───── Material supplied
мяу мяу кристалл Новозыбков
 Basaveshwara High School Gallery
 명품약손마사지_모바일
──────────
───── Material supplied
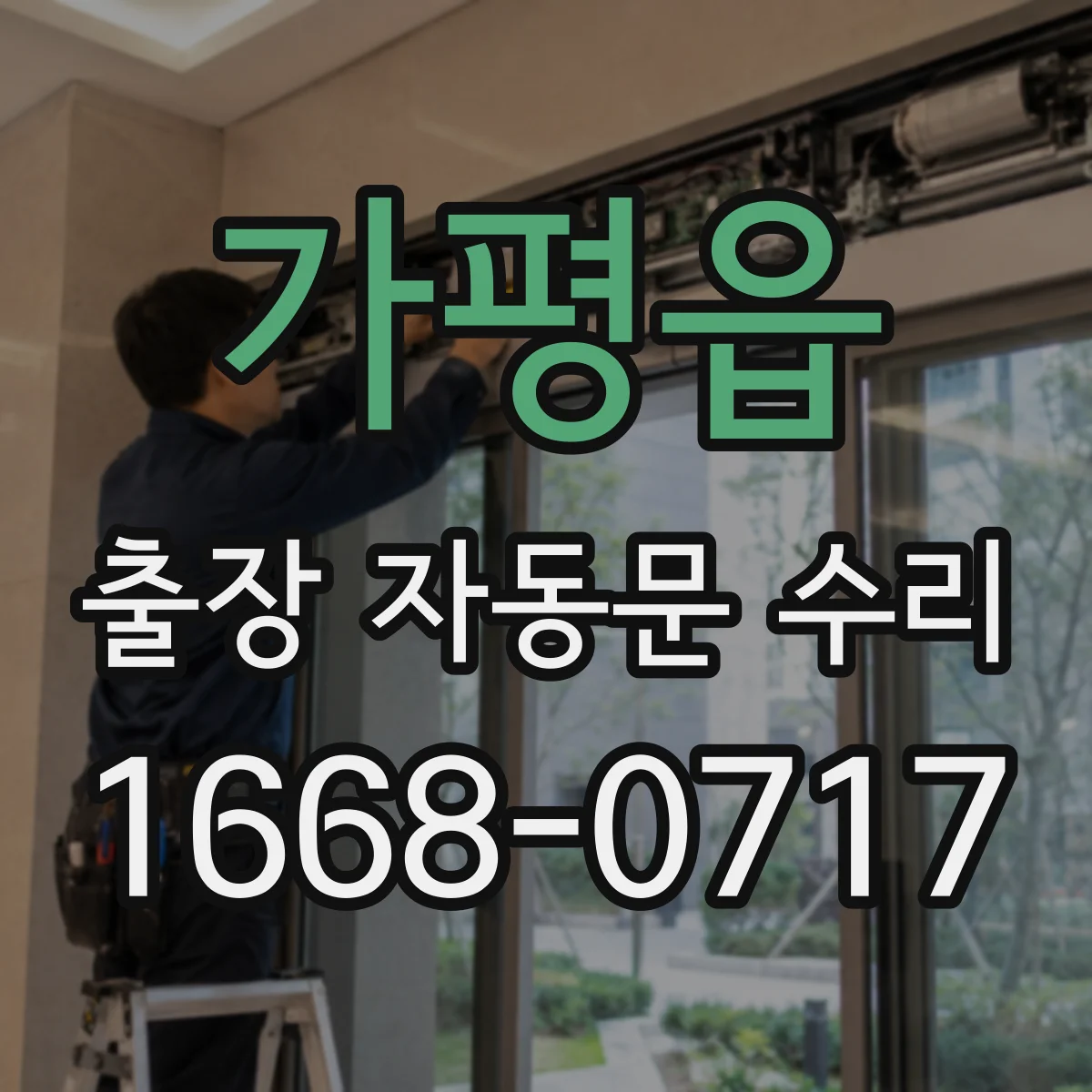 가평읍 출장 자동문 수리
──────────
───── Material supplied
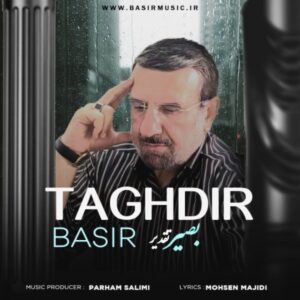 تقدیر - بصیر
──────────
Work task: Using the entries above, give again exactly the lines from the line holding "мяу мяу кристалл Новозыбков" through the line holding "명품약손마사지_모바일". Include both end lines and nothing else.

Answer:
мяу мяу кристалл Новозыбков
 Basaveshwara High School Gallery
 명품약손마사지_모바일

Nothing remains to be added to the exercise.